Example 1: Decimal number 1234
| Thousands (1x10^3) | Hundreds (1x10^2) | Tens (1x10^1) | Ones (1x10^0) |
|---|---|---|---|
| 1 | 2 | 3 | 4 |
Binary operates a little bit differently, instead of having 1’s, 10’s, 100’s, etc, it has 1’s, 2’s, 4’s, 8’s, etc (That is to say, decimal math operates on a base of 10, while binary math operates on a base of 2). So analysing this for a moment, the binary number 1010, has a ‘1’ in the “eights” placeholder and a ‘1’ in the “twos” placeholder. Add these together and 10 is obtained in decimal numbers.
| Eights (1x2^3) | Fours (1x2^2) | Twos (1x2^1) | Ones (1x2^0) |
|---|---|---|---|
| 1 | 0 | 1 | 0 |
Another example is 1111:
| Eights (1x2^3) | Fours (1x2^2) | Twos (1x2^1) | Ones (1x2^0) |
|---|---|---|---|
| 1 | 1 | 1 | 1 |
| Eights (1x2^3) | Fours (1x2^2) | Twos (1x2^1) | Ones (1x2^0) | |
|---|---|---|---|---|
| Binary Values | 1 | 1 | 1 | 1 |
| Decimal Values | 8 | 4 | 2 | 1 |
Through the use of the binary table, the binary values can each be multiplied (1’s) by the above multipliers (1x2^3 1x2^2 1x2^1 1x2^0) or “8, 4, 2, 1”. This will then give us, 8+4+2+1=15.
Basic Addition
Much like the decimal system, binary numbers can be added together. For this example the binary numbers 0110 and 0010 are going to be used and added.

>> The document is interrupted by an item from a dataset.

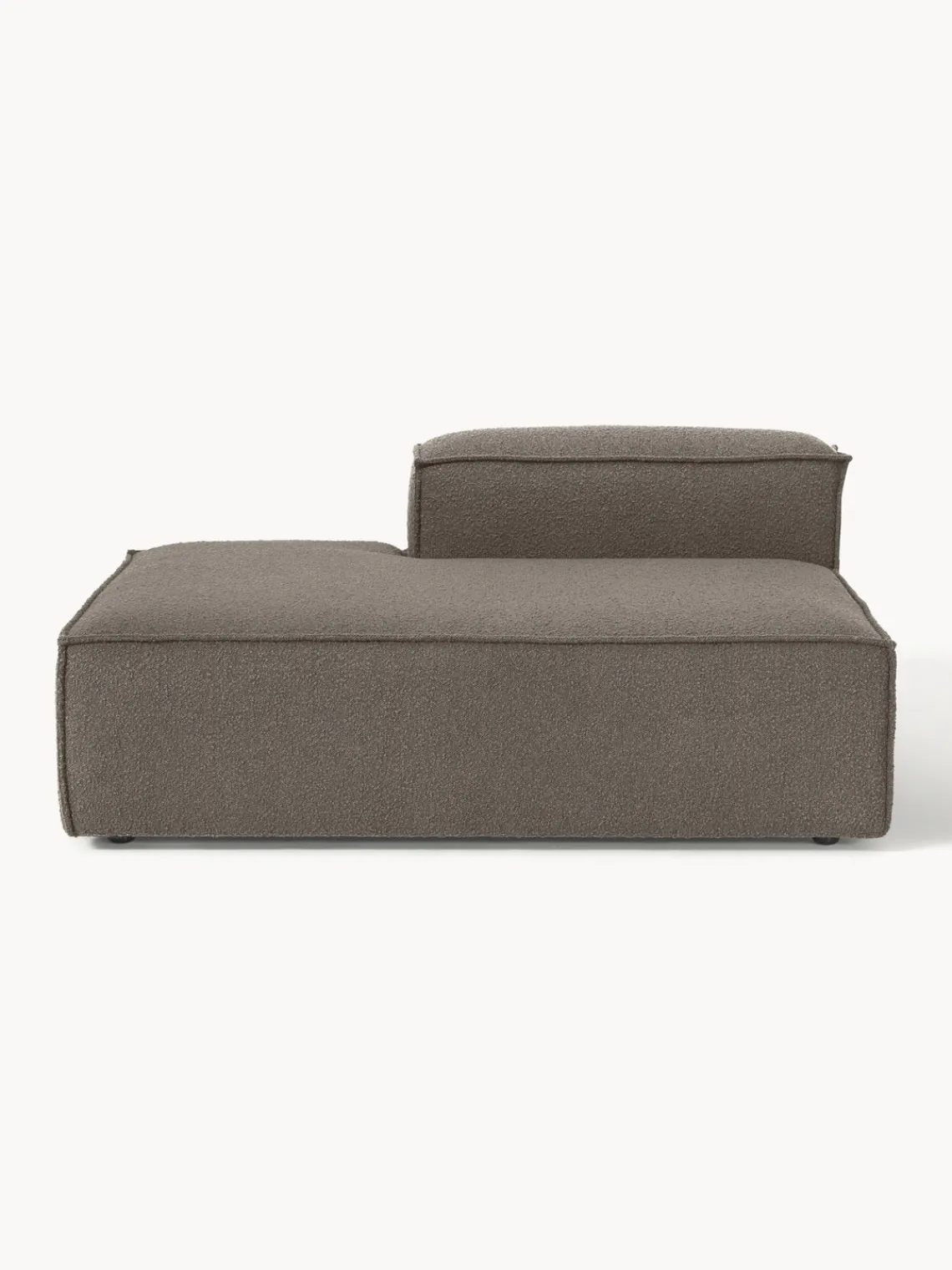 Westwing Collection Diván modular en tejido bouclé Lennon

| Eights | Fours | Twos | Ones | Total | |
|---|---|---|---|---|---|
| Binary | 0 | 1 | 1 | 0 | 6 |
| Decimal | 0 | 4 | 2 | 0 | 6 |
| Eights | Fours | Twos | Ones | Total | |
|---|---|---|---|---|---|
| Binary | 0 | 0 | 1 | 0 | 2 |
| Decimal | 0 | 0 | 2 | 0 | 2 |
Thus by using decimal addition, 4+2+2=8, the value of the addition of two binary numbers can be determined as 8.